Load,负载问题实际上是从另一个角度看待分散性问题。既然不同的终端可能将相同的内容映射到不同的缓冲区中，那么对于一个特定的缓冲区而言，也可能被不同的用户映射为不同的内容。与分散性一样，这种情况也是应当避免的，因此好的哈希算法应能够尽量降低缓冲的负荷。The load property is similar to spread. The same V people are back, but this time we consider a particular bucket b instead of an item. The property says that there are at most b distinct items that at least one person thinks belongs in the bucket. A good consistent hash function should also have low load.

常见的使用

一些已知的场景如：

memcached的分布式缓存访问
用作负载均衡，如dubbo的ConsistentHashLoadBalance
分布式哈希表（DHT，Distributed Hash Table）用来在一群节点中实现(key, value)的关系映射。在类似Cassandra等分布式系统中使用了DHT

一致性hash更多的应用在负载均衡。

问题提出

一般在分布式系统设计中，如果我们将某些用户请求、或者某些城市数据，访问指定的某台机器，一般的算法是基于关键字取hash值然后%机器数（hash(key)% N）。
假设我们有3台机器A、B 、C，后来新加了一台机器D，其索引与机器映射如下：

针对不同的key，其hashcode为1-10取模运算：

经过上面的表格可以看到，当添加了一台新机器D的时候，导致大部分key产生了miss，命中率按照上面表格计算只为20%。虽然是一个简单的列子，但足以说明该算法在机器伸缩时候，会造成大量的数据无法被正确被命中。如果这是缓存架构设计，那么缓存miss后会把请求都落在DB上，造成DB压力。如果这是个分布式业务调用，原来访问机器可能做了配置数据、或缓存了上下文等，miss就意味着本次调用失败。

就上面的case，这个算法本身违背了“单调性” 设计特性。

单调性是指如果已经有一些item通过哈希分派到了相应的bucket中，又有新的bucket加入到系统中。
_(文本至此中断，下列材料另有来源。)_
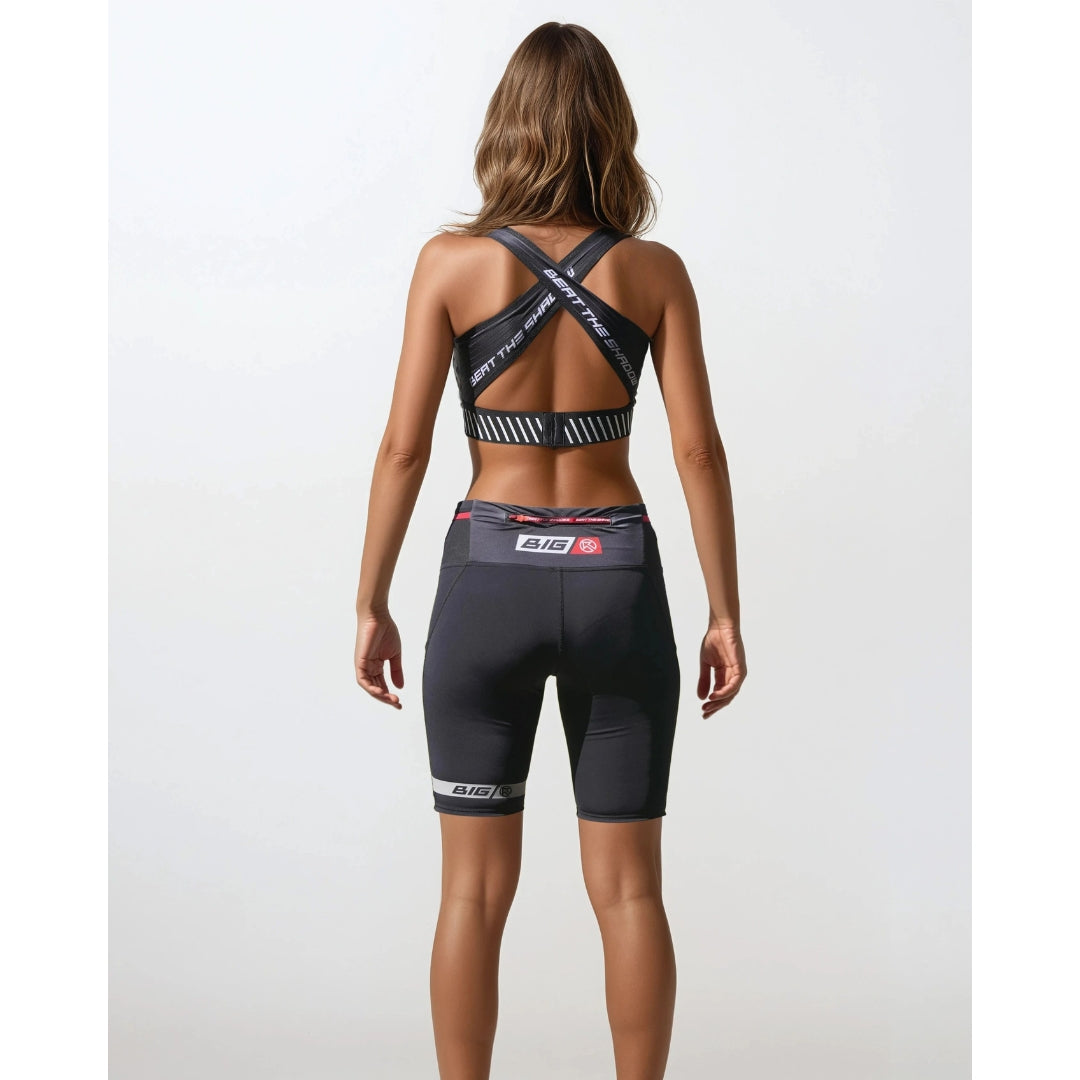 Woman wearing a black athletic outfit with visible branding on a white background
哈希的结果应能够保证原有已分配的item可以被映射到原有的或者新的bucket中去，而不会被映射到旧的bucket集合中的其他bucket中

Consistent Hashing 算法

先构造一个长度为2^32的整数环（这个环被称为一致性Hash环），根据节点名称的Hash值（其分布为[0, 2^32-1]）将缓存服务器节点放置在这个Hash环上，然后根据需要缓存的数据的Key值计算得到其Hash值（其分布也为[0, 2^32-1]），然后在Hash环上顺时针查找距离这个Key值的Hash值最近的服务器节点，完成Key到服务器的映射查找。

以上通过特定的Hash函数f=h(x)，
（1）计算出Node节点,然后散列到一致性Hash环上:

Node节点的hash值：
h(Node1)=K1
h(Node2)=K2
h(Node3)=K3

（2）计算出对象的hash值，然后以顺时针的方向计算，将所有对象存储到离自己最近的机器中。

h(object1)=key1
h(object2)=key2
h(object3)=key3
h(object4)=key4

当发生机器节点Node的添加和删除时：

（1）机器节点Node增加，新增一个节点Node4
计算出h(Node4)=K4，将其映射到一致性Hash环上如下：

通过按顺时针迁移的规则，那么object3被迁移到了NODE4中，其它对象还保持原有的存储位置。

（2）机器节点Node删除，删除节点Node2

通过顺时针迁移的规则，那么object2被迁移到Node3中，其他对象还保持原有的存储位置。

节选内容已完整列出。